# TASK OBJECTIVE:
Give back the entries that follow exactly as written. Any picture gets left out.

(Dataset entries)
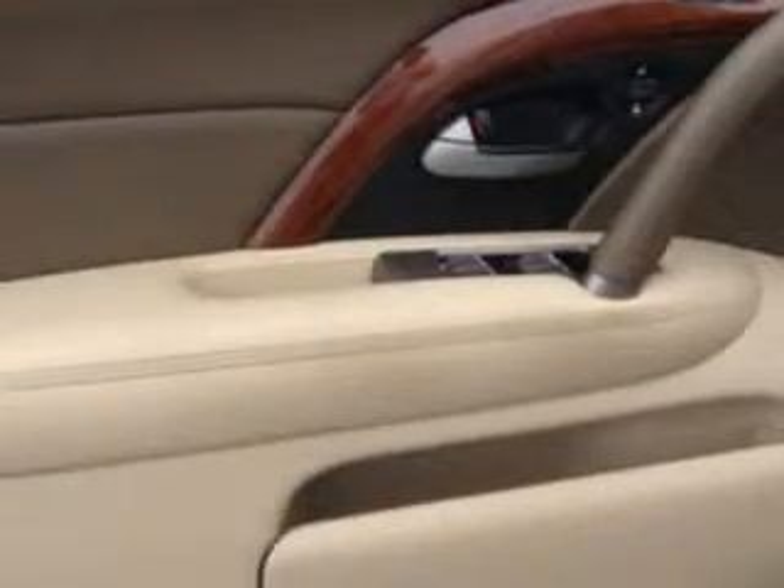Also featured: rear bench seat, passenger seat height adjustment, auto dimming mirrors, and much more. Enjoy the drive and have peace of mind in this 09 Acura RL. See us at Cadillac of Fayetteville today.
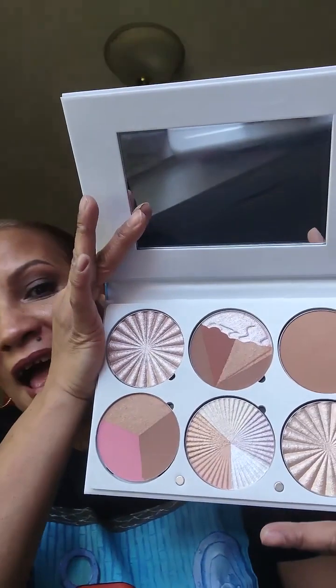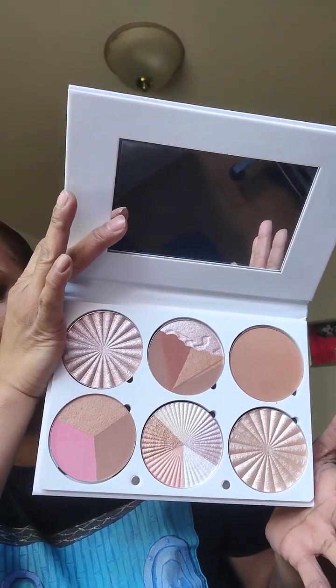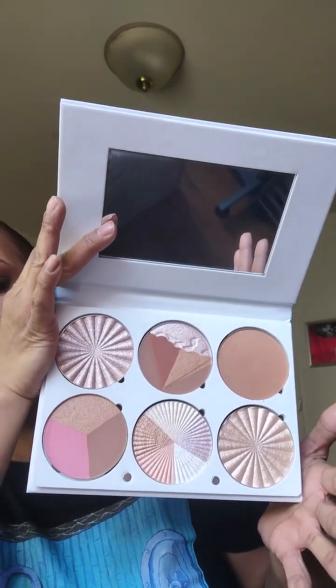The last item in the box — this is badass! Look, this is so good. It's from Ofra — it's the Under Glow palette. Just this alone makes the whole box worth it. Oh my god, let me take out the protective cover — look at this! Can you say anything? I'm beyond speechless.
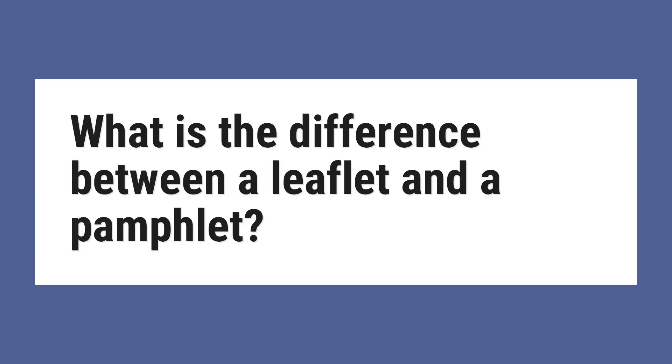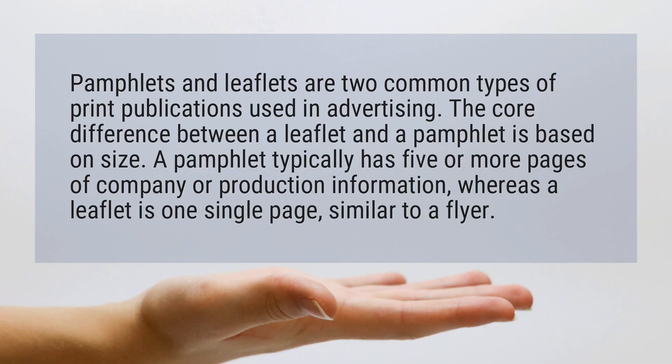What is the difference between a leaflet and a pamphlet? Pamphlets and leaflets are two common types of print publications used in advertising. The core difference between a leaflet and a pamphlet is based on size.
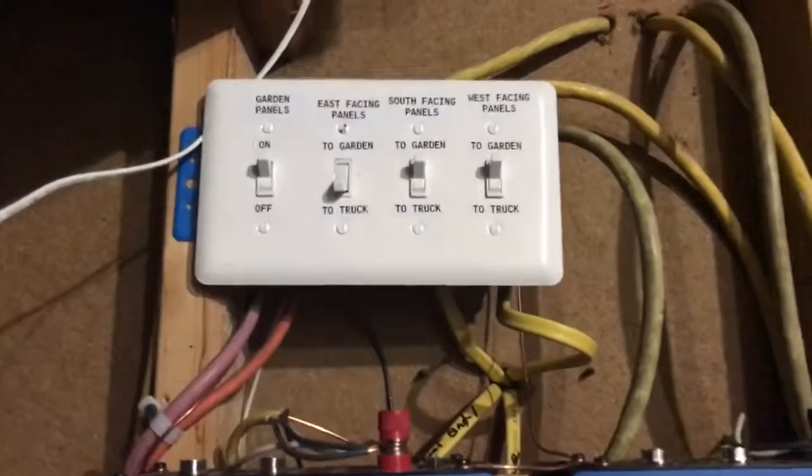Hey guys, it's Donnie Bullock again with another solar electric pickup truck update — I'm calling it the mega truck. Today was kind of a successful failure, let me show you what happened.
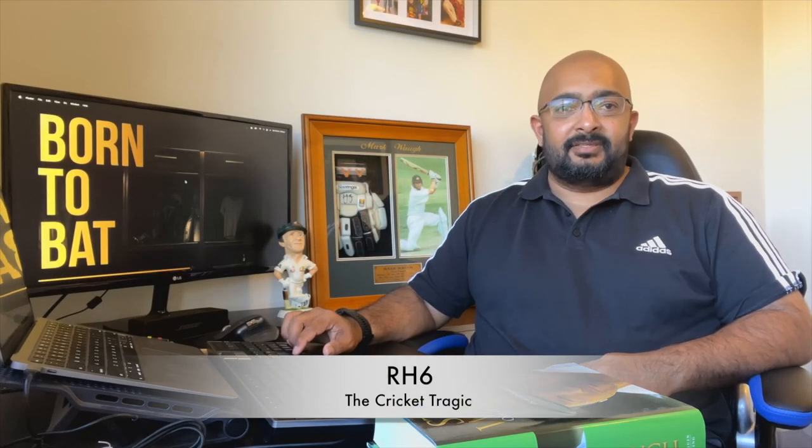Hi everyone, R86 the Cricket Tragic here. This is a channel for all Cricket Tragics who eat, sleep, talk and walk cricket all the time. How do you know you're a Cricket Tragic?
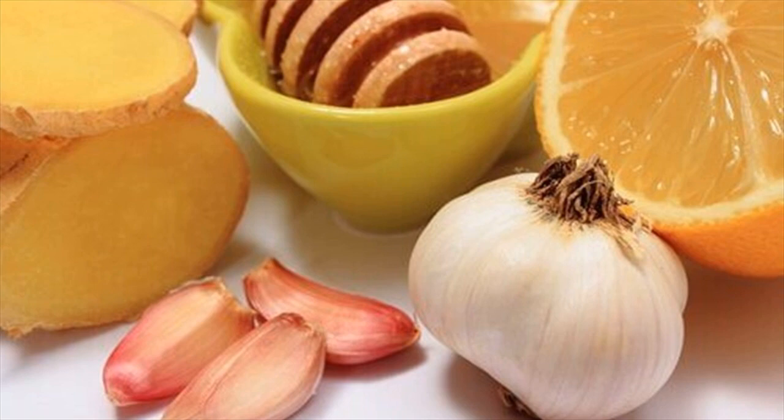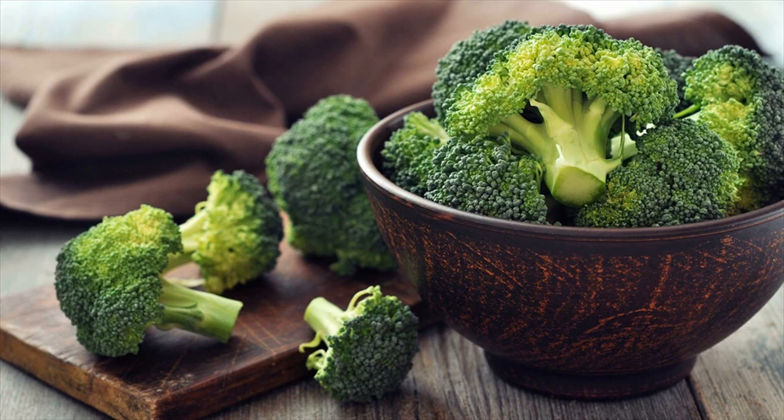Garlic dosage for a healthy liver: one clove of raw garlic in the morning every day, or one to two teaspoons of minced, chopped, or pasted garlic in cooked food per day.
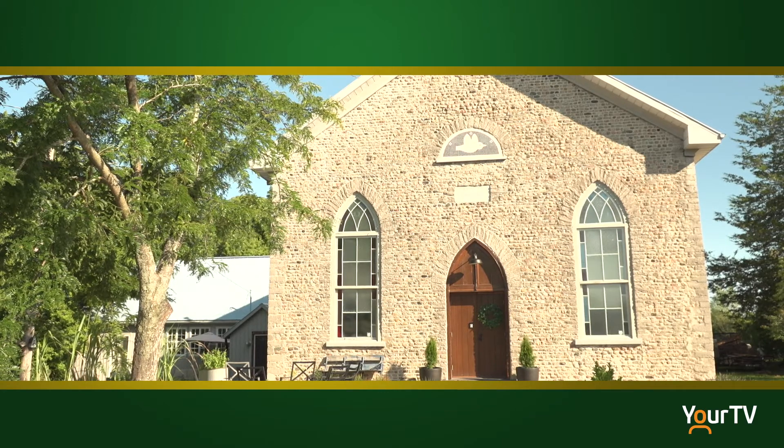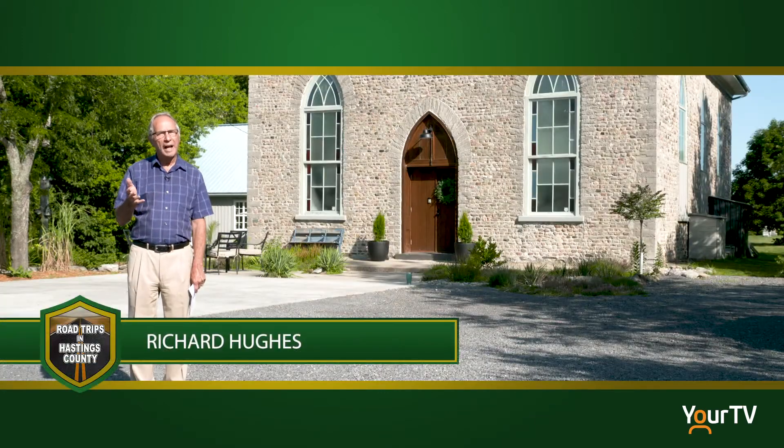We continue our road trip visiting the historical plaques at two churches in our area, and this time we are on Vermilier Road. The person who named this church might have been a very devout individual, but he seems to have lacked imagination because it's always been called the Stone Church.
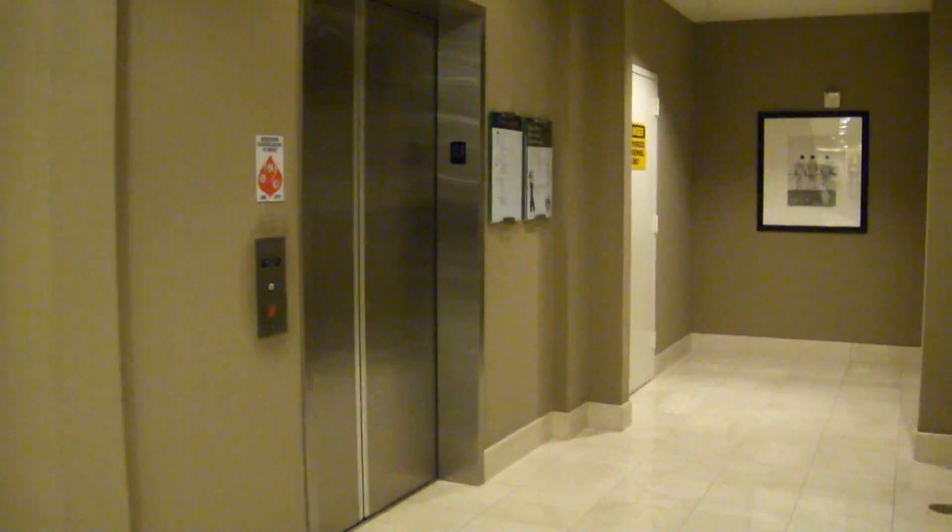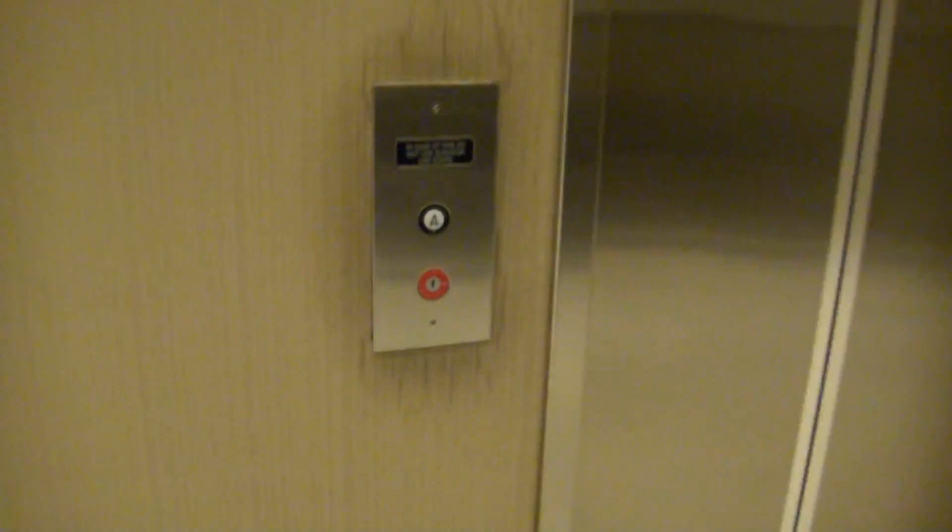This is the elevator at Bloomingdale's Mall at Millenia — the Mowrey Elevator. Wonderful lower operator we got. Let's go to three.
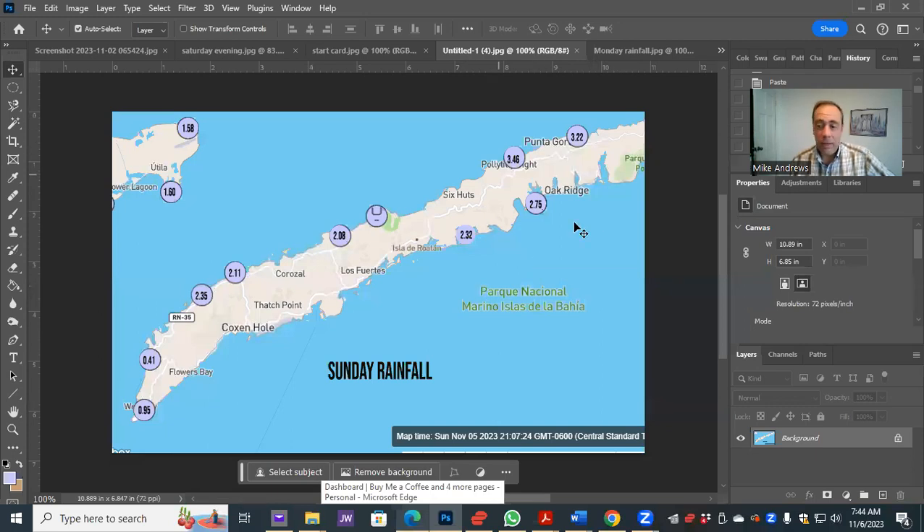The general pattern recently has been heavy on the east side, lighter on the west side. Yesterday we saw a half inch to an inch on West Bay and West End, Sandy Bay to Mid-Island about two inches, and then the east side got three to three and a half inches of rain. So things are pretty bad over there.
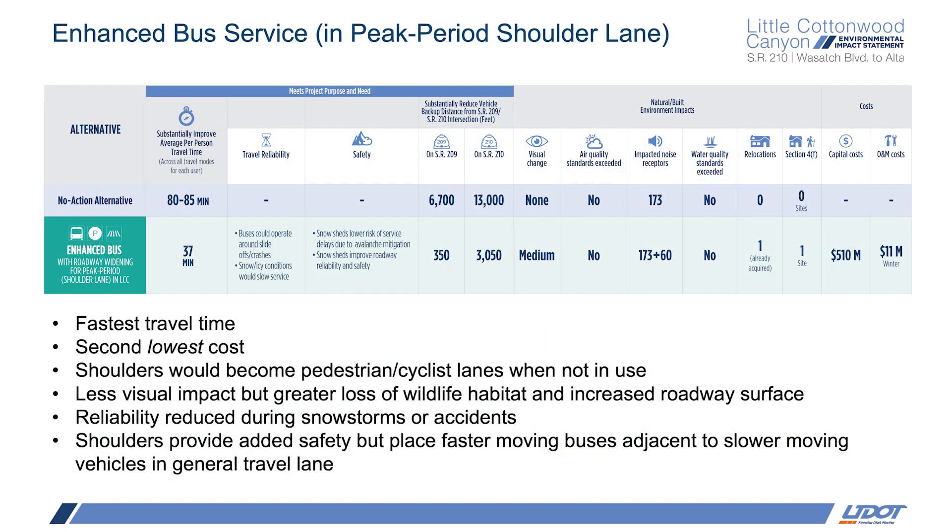This alternative has a capital cost of $510 million and a winter operations and maintenance cost of $11 million per year. As UTA has noted, the two factors that attract potential transit users are the speed of the service — reduced seat time — and the frequency of the service to reduce the fear of missing the next bus. The enhanced bus has the fastest seat time of the five alternatives, and this is why it meets the mobility component the best. Cost is of course a consideration, and the peak period shoulder lanes has the second lowest initial cost. Also, the wider shoulders would increase safety for both pedestrians and cyclists by allowing them to travel farther away from vehicles in the general purpose lanes.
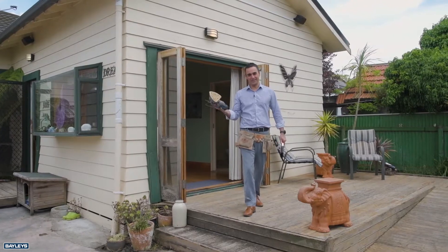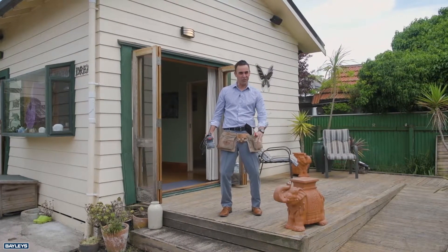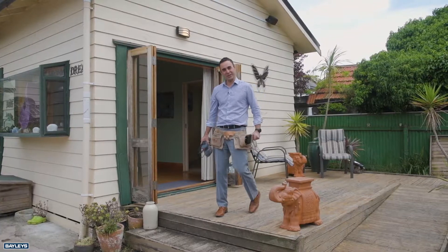Are you handy with a paintbrush? Maybe into some DIY? This three bedroom character home is waiting for you just to add your own flavour. Let's go and have a look and see what we can do.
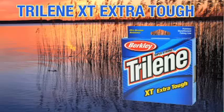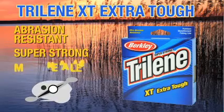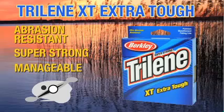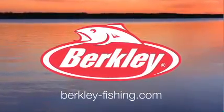The companion to Trilene XL fishing line is Trilene XT. Trilene XT stands for extra tough, and that's exactly what it is. It's extra tough because it's extra abrasion resistant. Designed particularly for bait cast reels and bait cast reel techniques. Anytime that you are in a situation that demands extra abrasion resistance, you need to reach for the blue box Trilene XT.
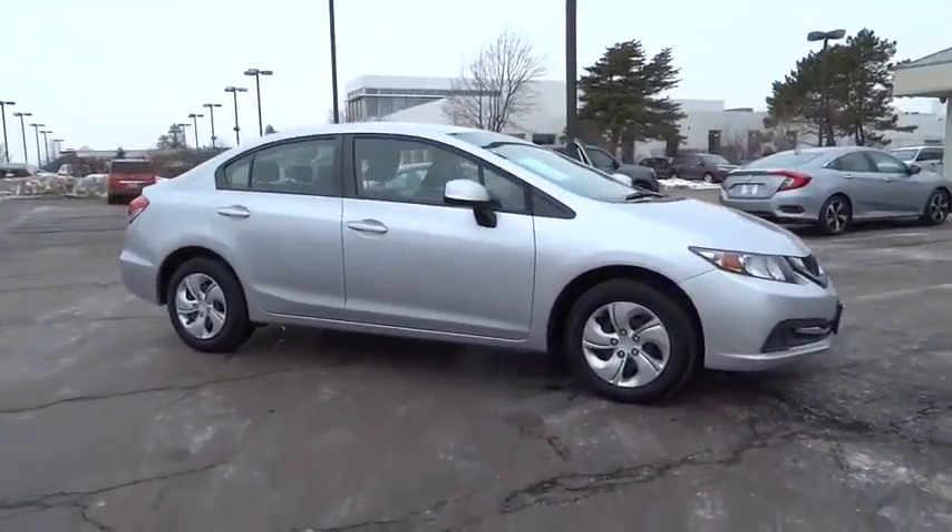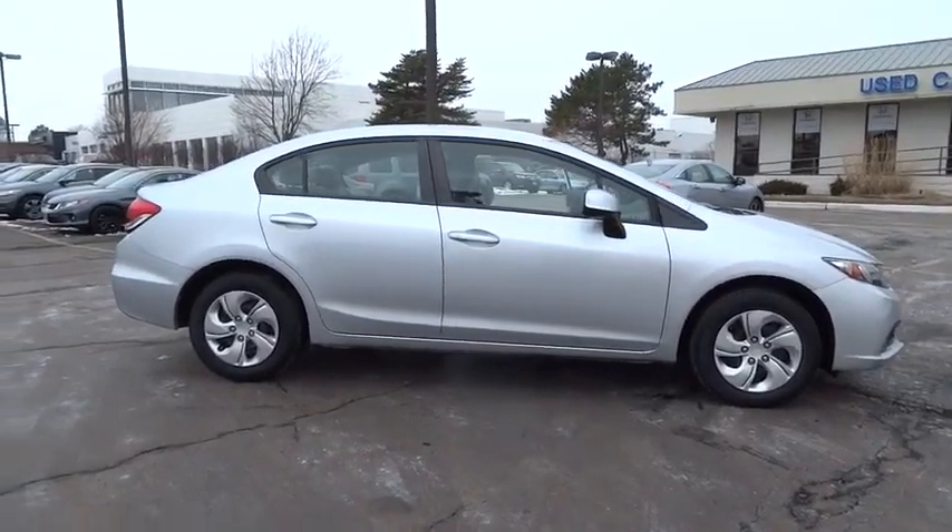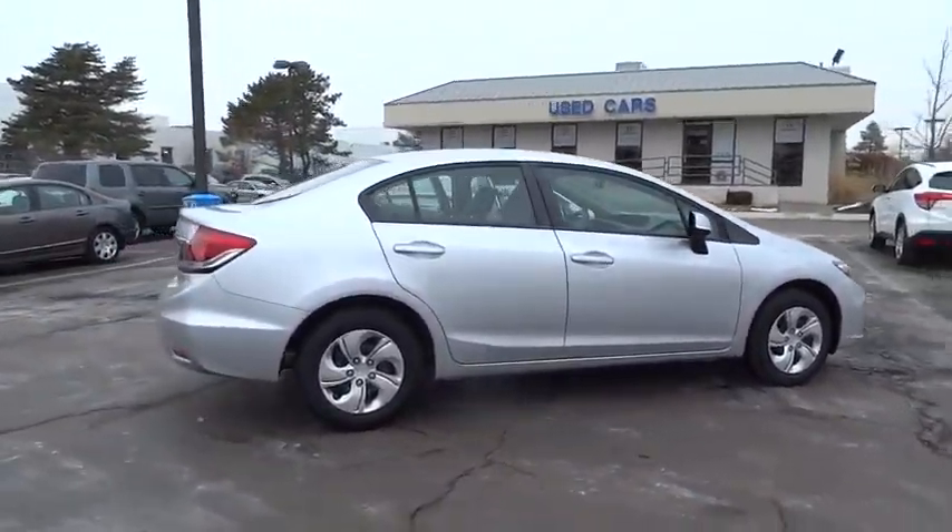The 2013 Honda Civic. Practical, awesome gas mileage, and incredibly reliable. This vehicle has less than 40,000 miles.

# TASK RESULT:
Also featured: rear bench seat, passenger seat height adjustment, auto dimming mirrors, and much more. Enjoy the drive and have peace of mind in this 09 Acura RL. See us at Cadillac of Fayetteville today.
The last item in the box — this is badass! Look, this is so good. It's from Ofra — it's the Under Glow palette. Just this alone makes the whole box worth it. Oh my god, let me take out the protective cover — look at this! Can you say anything? I'm beyond speechless.
What is the difference between a leaflet and a pamphlet? Pamphlets and leaflets are two common types of print publications used in advertising. The core difference between a leaflet and a pamphlet is based on size.
Hey guys, it's Donnie Bullock again with another solar electric pickup truck update — I'm calling it the mega truck. Today was kind of a successful failure, let me show you what happened.
Hi everyone, R86 the Cricket Tragic here. This is a channel for all Cricket Tragics who eat, sleep, talk and walk cricket all the time. How do you know you're a Cricket Tragic?
Garlic dosage for a healthy liver: one clove of raw garlic in the morning every day, or one to two teaspoons of minced, chopped, or pasted garlic in cooked food per day.
We continue our road trip visiting the historical plaques at two churches in our area, and this time we are on Vermilier Road. The person who named this church might have been a very devout individual, but he seems to have lacked imagination because it's always been called the Stone Church.
This is the elevator at Bloomingdale's Mall at Millenia — the Mowrey Elevator. Wonderful lower operator we got. Let's go to three.
The general pattern recently has been heavy on the east side, lighter on the west side. Yesterday we saw a half inch to an inch on West Bay and West End, Sandy Bay to Mid-Island about two inches, and then the east side got three to three and a half inches of rain. So things are pretty bad over there.
This alternative has a capital cost of $510 million and a winter operations and maintenance cost of $11 million per year. As UTA has noted, the two factors that attract potential transit users are the speed of the service — reduced seat time — and the frequency of the service to reduce the fear of missing the next bus. The enhanced bus has the fastest seat time of the five alternatives, and this is why it meets the mobility component the best. Cost is of course a consideration, and the peak period shoulder lanes has the second lowest initial cost. Also, the wider shoulders would increase safety for both pedestrians and cyclists by allowing them to travel farther away from vehicles in the general purpose lanes.
Are you handy with a paintbrush? Maybe into some DIY? This three bedroom character home is waiting for you just to add your own flavour. Let's go and have a look and see what we can do.
The companion to Trilene XL fishing line is Trilene XT. Trilene XT stands for extra tough, and that's exactly what it is. It's extra tough because it's extra abrasion resistant. Designed particularly for bait cast reels and bait cast reel techniques. Anytime that you are in a situation that demands extra abrasion resistance, you need to reach for the blue box Trilene XT.
The 2013 Honda Civic. Practical, awesome gas mileage, and incredibly reliable. This vehicle has less than 40,000 miles.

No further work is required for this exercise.